Per uscire da questa incertezza, il Tribunale penale di Pordenone ha deciso chiedere alla Corte Ue se un Paese dell’Unione – in questo caso l’Italia, ma vale anche per gli altri – sia libero di subordinare le coltivazioni di OGM ad autorizzazione per tutelare il principio di coesistenza, anche nel caso di varietà già iscritte nel catalogo comune europeo. La posta in gioco è altissima: se la causa dovesse dare torto al Tribunale di Pordenone, sdoganata la commercializzazione, si aprirebbe anche alla coltivazione di tutte le varietà geneticamente modificate già approvate a livello comunitario, senza passare per l’approvazione da parte dei singoli Stati.

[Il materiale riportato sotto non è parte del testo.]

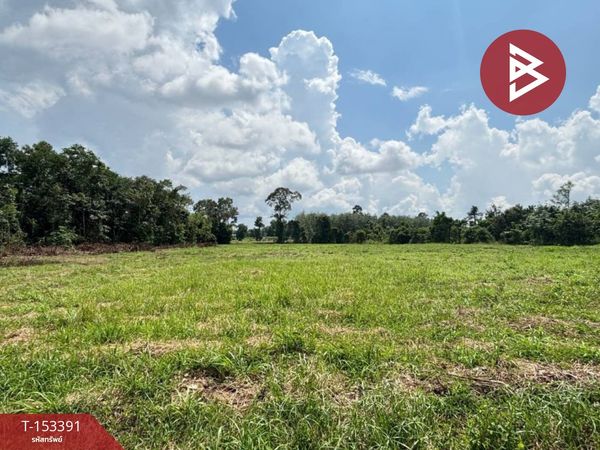 Land for sale, area 7 rai 86 sq m, Ban Khai, Rayong.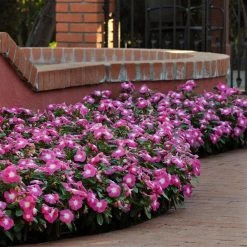 CGASPL Imported Flower Seeds Vinca Titan Rose Halo Flower Seeds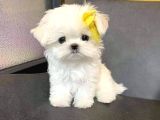 Teacup En Mini Boy Maltese Terrier Yavrularımız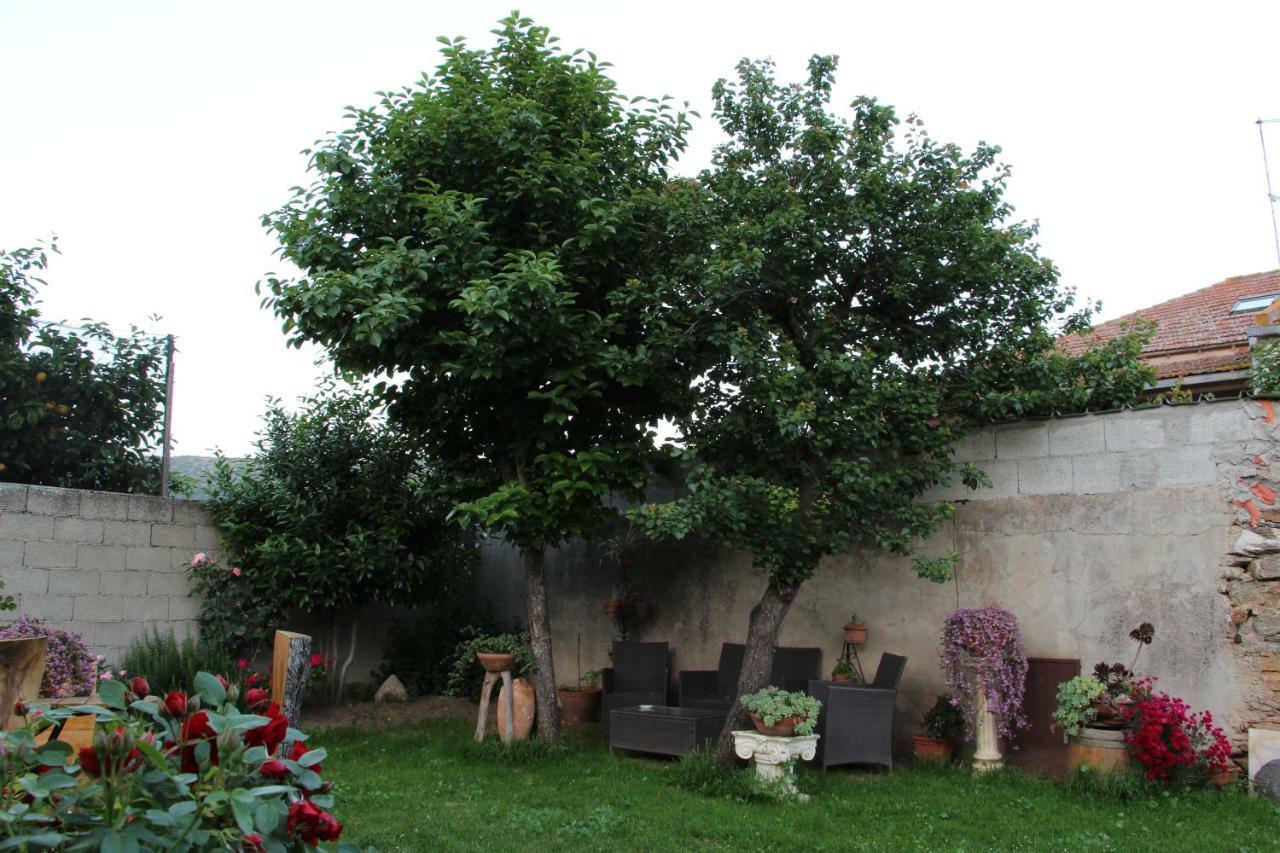 Bed and Breakfast Zia Chiarina San Nicolo Gerrei Exterior foto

In attesa di conoscere cosa deciderà la Corte di Giustizia europea, esistono almeno tre strade percorribili per mandare un messaggio in difesa dell’agricoltura convenzionale e biologica e per chiedere più autonomia per i Paesi Ue in materia di OGM. Uno: partecipare alla consultazione pubblica sull’agricoltura biologica lanciata dalla Commissione europea e aperta online fino al 15 aprile; il sondaggio è aperto a tutti i cittadini e rispondendo alle domande sulla coesistenza con il transgenico si ha l’occasione per far sentire la propria voce.
Due: dopo la sentenza che ha tolto di divieto di coltivazione del mais Mon810, diversi Stati europei hanno adottato la “clausola di salvaguardia” per bloccare le semine OGM; l’Italia non lo ha fatto, ma alcuni cittadini hanno avviato una raccolta firme per chiedere ai ministri delle Politiche Agricole e della Salute di seguire l’esempio degli altri paesi.

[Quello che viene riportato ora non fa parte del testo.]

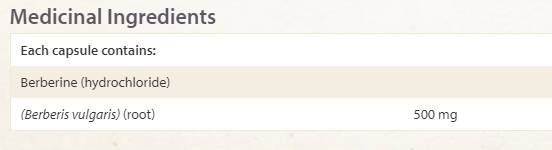 WellBetx Berberine 500 mg - 60 κάψουλες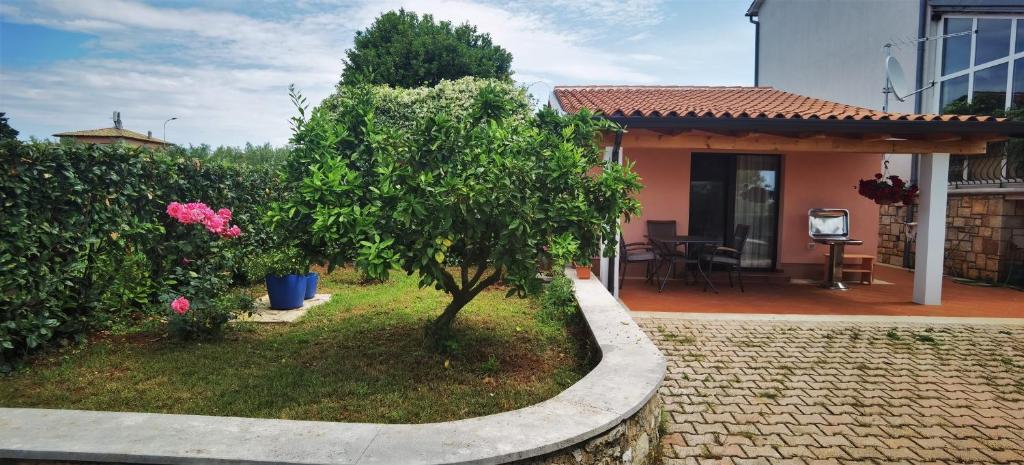 a house with a small tree in front of it at NORA home in Novigrad Istria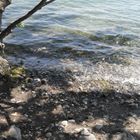 Bodensee [2]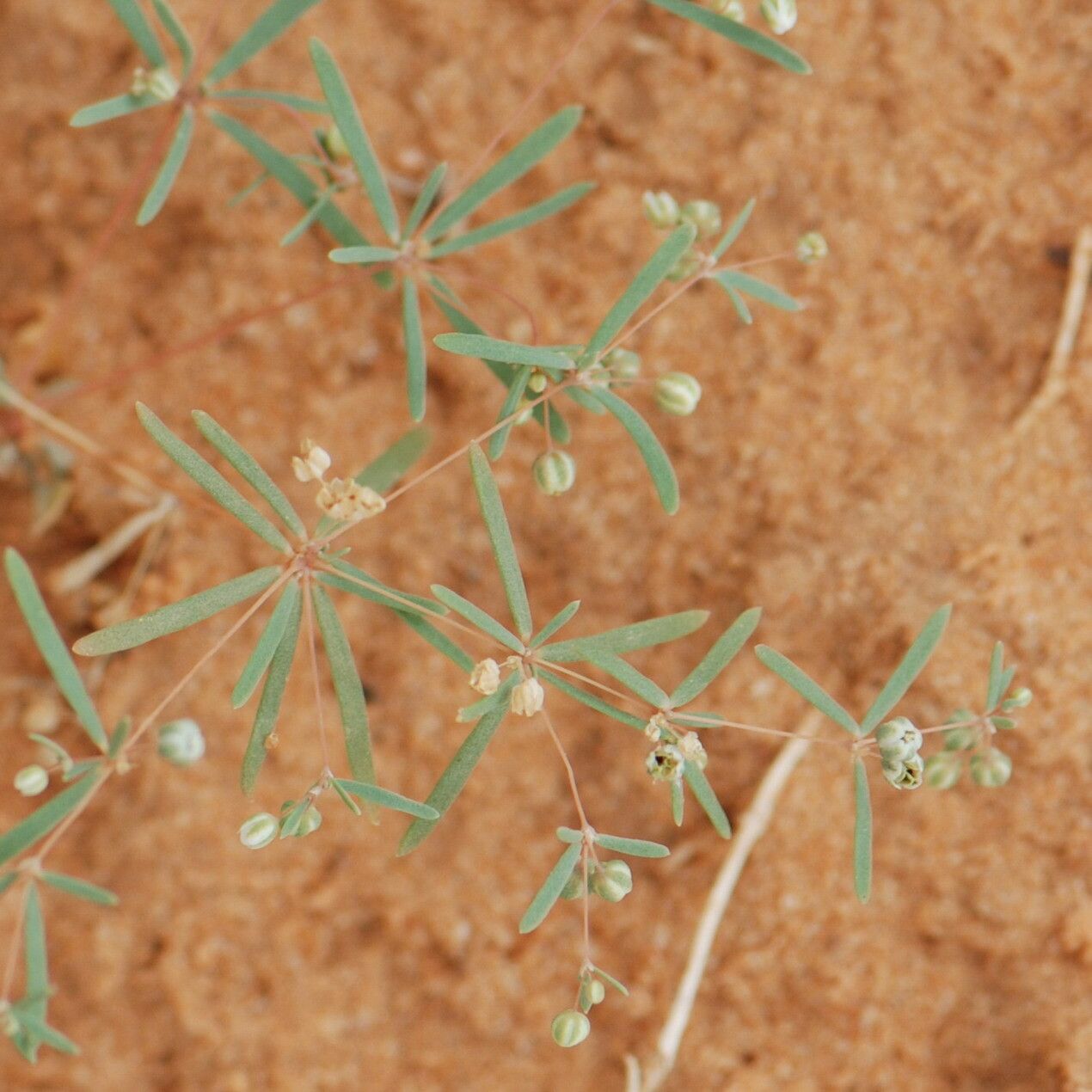 Mollugo cerviana other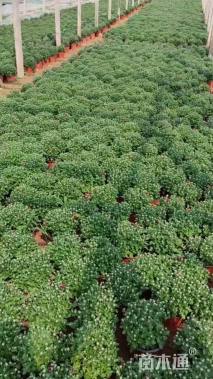 高度40厘米千头菊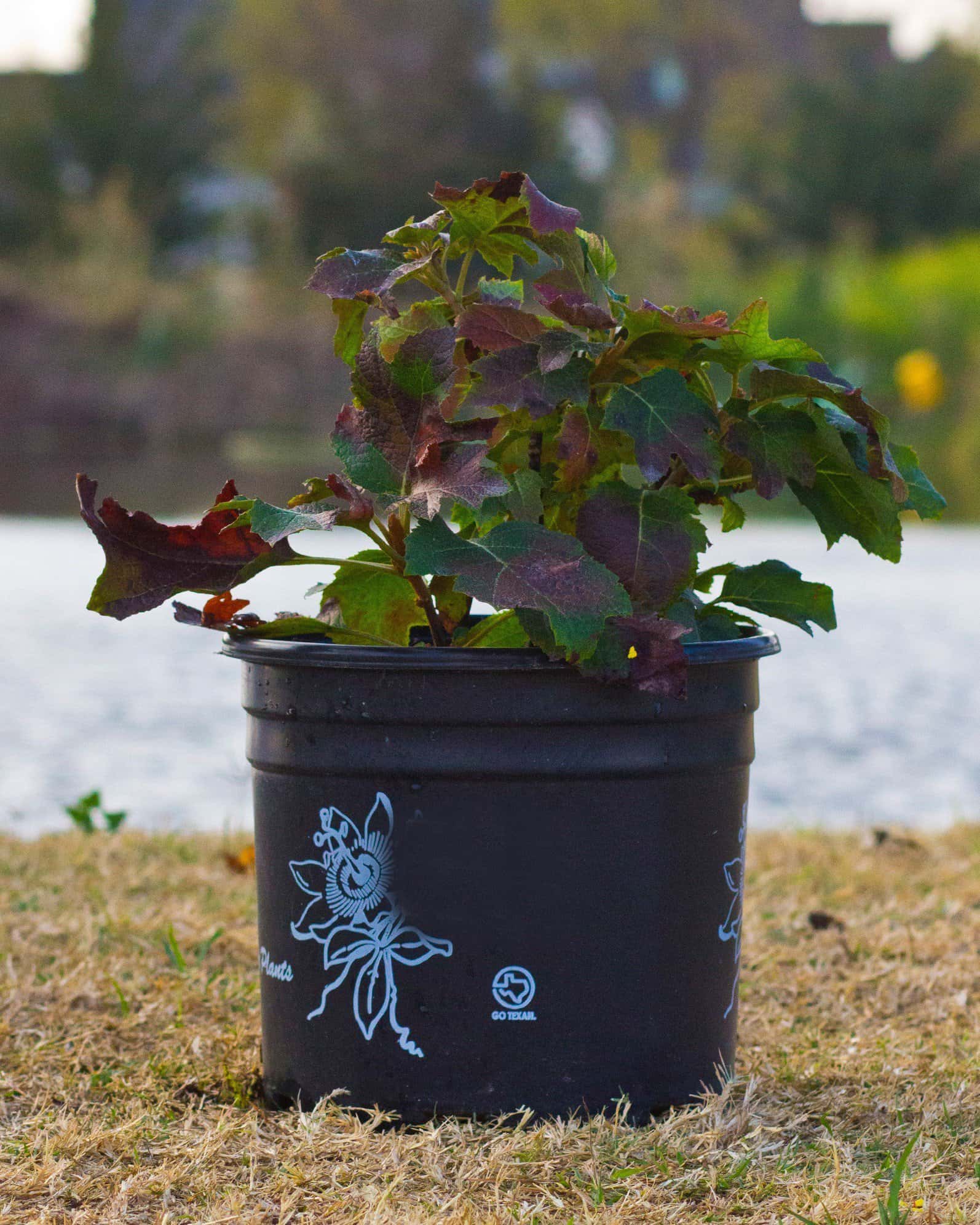 Oakleaf Hydrangea Ruby Slippers - Image 6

Tre, di maggiore impegno e guardando a più lungo termine: il nuovo commissario europeo alla Salute Tonio Borg ha annunciato che tra le priorità del suo mandato c’è la ripresa del negoziato sulla revisione della procedura comunitaria di autorizzazione degli OGM, bloccato ormai da mesi.
Secondo quanto riportato dal suo portavoce, Borg avrebbe già avviato i colloqui con gli Stati membri contrari alla proposta della Commissione Ue, in particolare con Gran Bretagna, Francia e Germania, e punterebbe a riavviare la discussione tra i 27 già nel corso della presidenza irlandese dell’Unione, che ha iniziato il suo turno a gennaio e lo terminerà alla fine di giugno.
L’Italia si era già espressa a favore della proposta della Commissione, perché lascia più autonomia ai singoli paesi nel limitare o vietare l’ingresso di organismi geneticamente modificati sul territorio nazionale. Nei prossimi mesi è quindi importante fare sentire la propria voce – associazioni, produttori e singoli cittadini, ciascuno con i propri mezzi – perché il dibattito riparta effettivamente e perché l’autonomia dei paesi in questo campo venga riconosciuta.